Larry Diamond dan Marc F. Plattner dalam buku yang mereka tulis bahwa; Peran rakyat dalam hal ini sipil merupakan tuntutan global kata sipil disini yakni bebasnya intervensi militer dalam politik, demokrasi harus menempatkan militer di bawah orotitas sipil sekaligus memberikan ruang yang cukup bagi militer untuk menjalankan pertimbangan professional dan kegiatan yang menjadi bidang mereka dalam batas-batas parameter kebijakan yang ditetapkan oleh sipil.
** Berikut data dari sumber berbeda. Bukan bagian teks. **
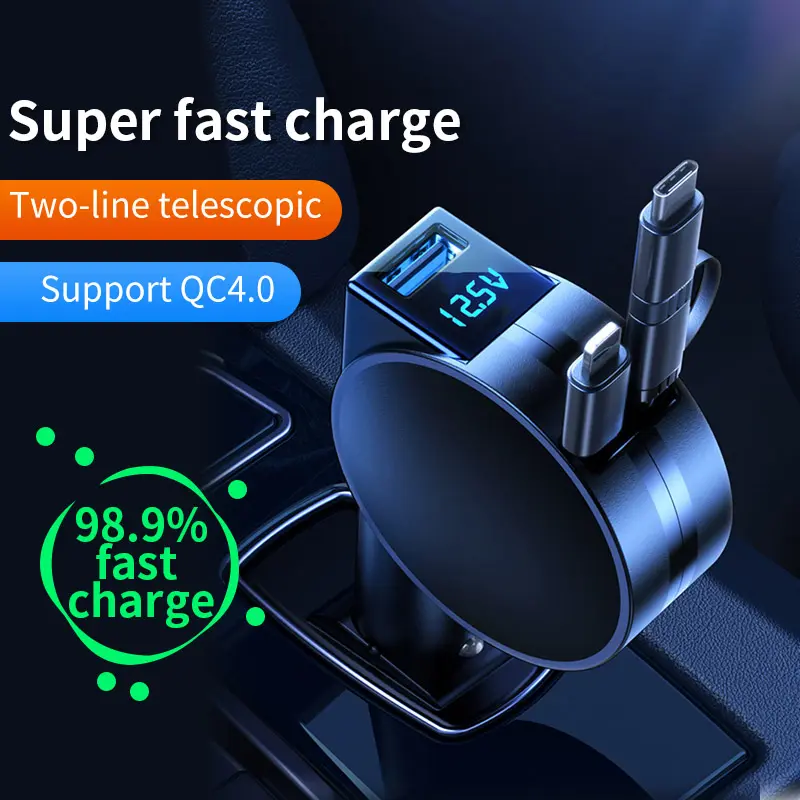 3 In 1 Car Charger Telescopic Fast Charge Cable Adapter Plug for Car Truck 60W QC4.0 Quick Charge Type C / IP/ Micro USB Cable Compatible for iPhone 13 X XR Huawei Samsung Oppo Vivo Charging Smartphone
Mereka (militer) melakukan intervensi ke dalam politik (apakah itu dengan kudeta atau dengan ekspansi kekuasaan dan hak prerogative secara gradual) ketika Politisi sipil dan partai politik lemah dan terpecah, dan ketika pemerintahan yang tidak utuh dan memanifestasikan kegagalan telah melahirkan kevakuman kekuasaan (Larry Diamond & Marc F. Plattner - Rajawali Pers – 2000).

Kwalitas demokrasi sebuah negara dapat diukur apabila memiliki nilai yang berarti melalui keberadaan sipil dalam suatu negara dapat berpartisipasi dengan baik, politisi sipil tidak lemah dan kuat, serta memiliki tujuan yakni mampu mensejahterakan rakyat. Cita-cita ini akan terwujud dengan adanya keberadaan partai politik sebagai variabel yang memfasilitasi sipil untuk berperan aktif dalam pembangunan nasional dan perekonomian bangsa.

Peran sipil yang ideal harus mampu meramu kebijakan bagi militer agar keberadaan militer dapat berperan secara professional, dan tidak terjadi reorientasi misi militer, Supremasi sipil akan terwujud sebagai penentu terhadap keberadaan militer jika sipil mampu meramunya dalam konstitusi yang mengikat.

Demokrasi di Myanmar merumakan demokrasi yang mengalami kebekuan dimana ada penerapan demokrasi tetapi demokrasinya di kekang atau di bonsai semangat demokrasi yang seharusnya memberikan kebebasan serta peran utama kepada sipil tidak ada ruang yang tersedia.

Junta militer yag mengambil alih kekuasaan mendominasi bahkan menendalikan semua system pemerintahan dengan membentuk Dewan Peneguhan Hukum dan Peraturan (SLORC) dan kemudian berubah menjadi Dewan Ketentramann dan Pembangunan Negara hadir dengan nama yang soft namun dalam pelaksanaannya jauh dari harapan perilaku yang otoritarian serta melanggar Hak Azasi Manusia.

Sipil yang berupaya untuk mewujudkan supremasi sipil mengalami penekanan yang sangat luar biasa, pemilu di lakukan tetapi partai politik peserta pemilu adalah Partai Politik bentukan junta militer untuk mempertahankan kekuasaan. Sehingga model demokrasi nya dilakukan hanyalah memnuhi syarat bahwa ada proses demokratisasi namun nilai-nilai demokrasi tidaklah tampak atau terlihat di sana.

Peran Negara luar dalam hal in ASEAN, PBB sangat lemah guna membantu perwujudan demokrasi di Myanmar, karena ruang untuk melakukan intervensi diatur dalam kerjasama Negara-negara ASEAN, jalan satu-satunya untuk mencairkan demokrasi yang beku di Myanmar adalah peran sipil sendiri dimana perlunya peningkatan kapasitas sipil (civil society) untuk mewujudkan supremasi sipil melalui konsolidasi yang kuat dan menyiapkan pemimpin untuk menjalankan roda pemerintahan. Karena pemimpin yang kuat dan kharismatislah mampu mengembalikan junta militer sebagai militer yang profesional, dan militer yang di kendalikan oleh sipil melalui kebijakan-kebijakan.